---- Supplied material

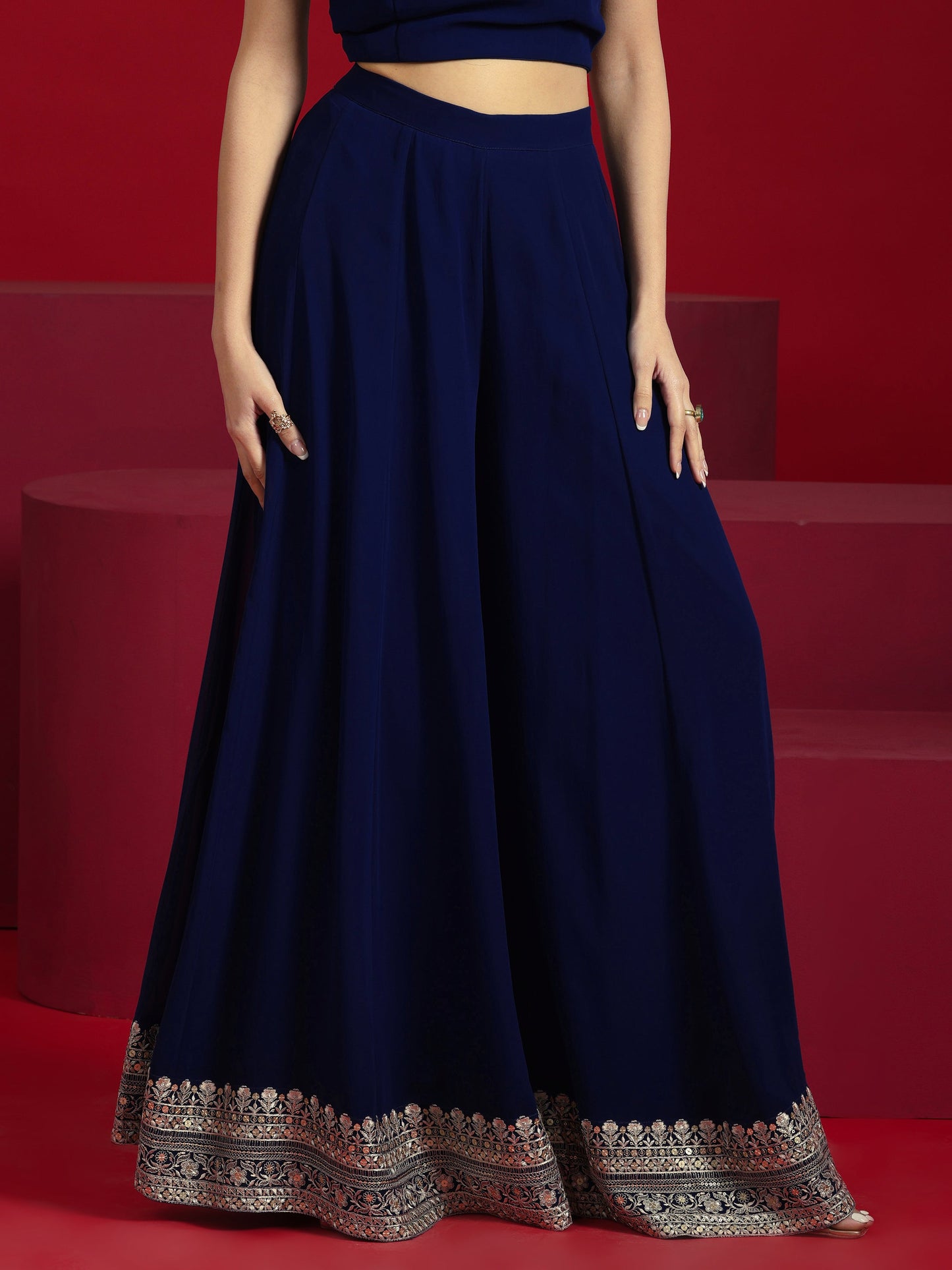 Libas Art Blue Embellished Georgette Co-Ord Sets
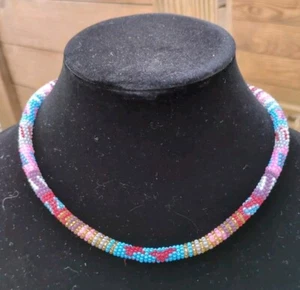Native American Beaded 18" Rope Choker Unique Multi Color Lobster Clasp - Picture 1 of 6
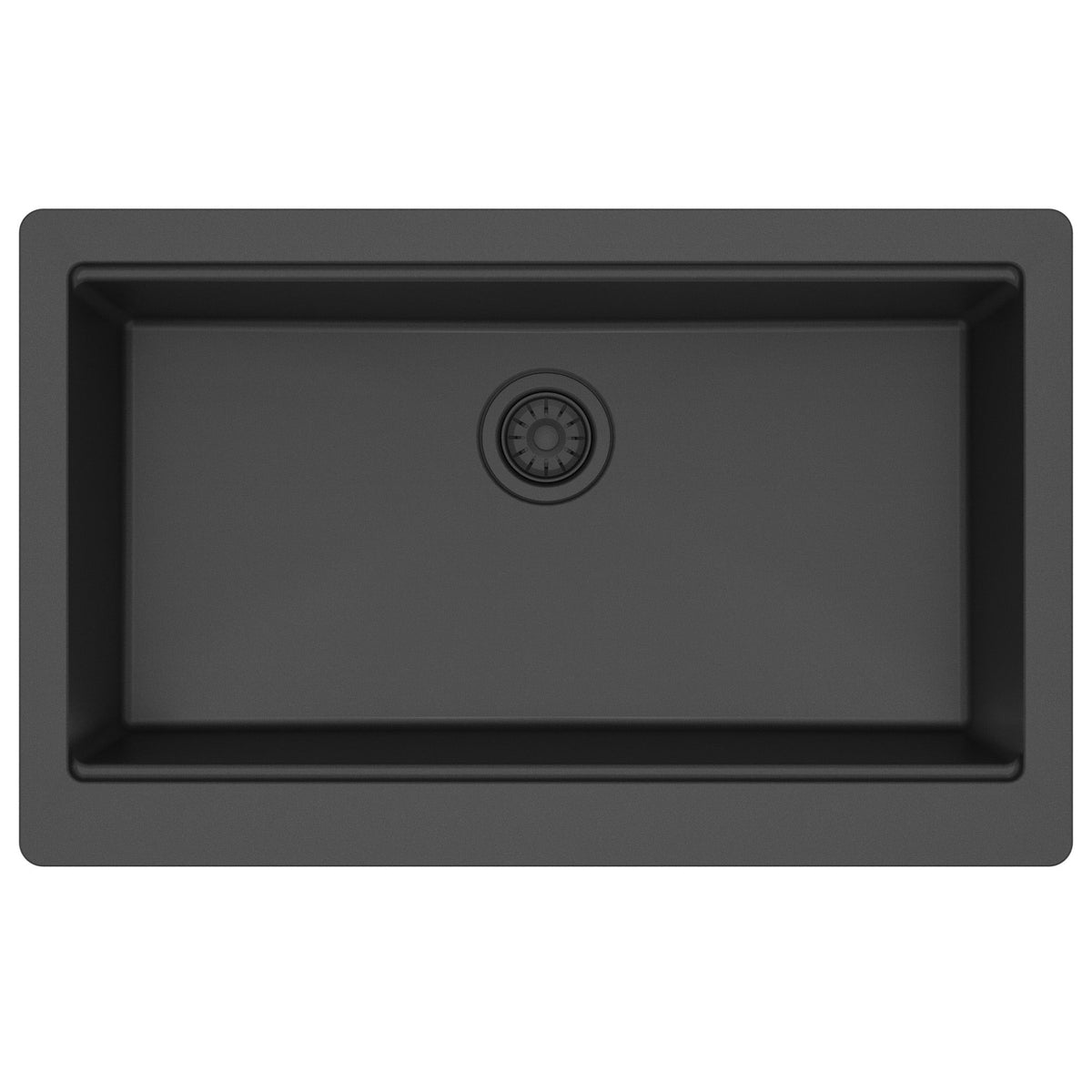 34" Deep Apron Front Single Bowl Quartz Kitchen Sink Kit In Black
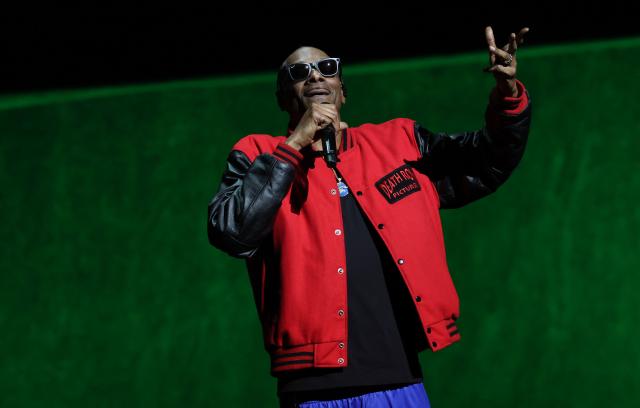 US rapper and founder/producer of Death Row Pictures, Snoop Dogg speaks on stage during Universal Pictures and Focus Features presentation at CinemaCon at The Colosseum at Caesars Palace in Las Vegas, Nevada, on April 15, 2026. (Photo by VALERIE MACON / AFP)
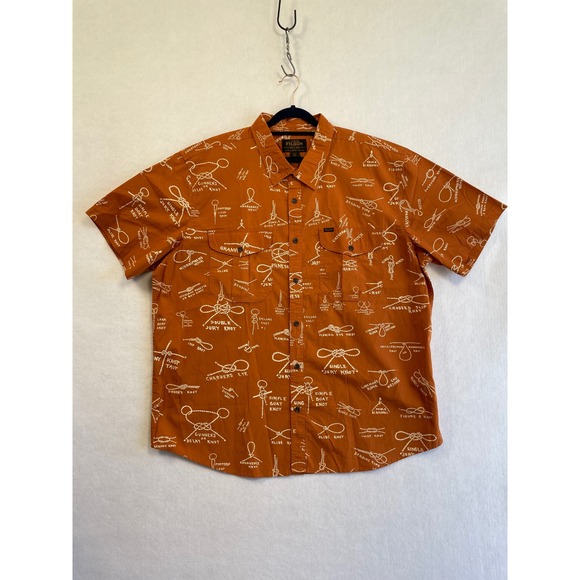 Filson Other - Filson Washed Short Sleeve Feather‎ Cloth Shirt XXL NWT Bourbon Knots Print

--------

### Directions
Restate exactly, and only, the lines from the one that holds "US rapper and" down to the last line of the material above. Omit the pictures.

### Exercise output
 US rapper and founder/producer of Death Row Pictures, Snoop Dogg speaks on stage during Universal Pictures and Focus Features presentation at CinemaCon at The Colosseum at Caesars Palace in Las Vegas, Nevada, on April 15, 2026. (Photo by VALERIE MACON / AFP)
 Filson Other - Filson Washed Short Sleeve Feather‎ Cloth Shirt XXL NWT Bourbon Knots Print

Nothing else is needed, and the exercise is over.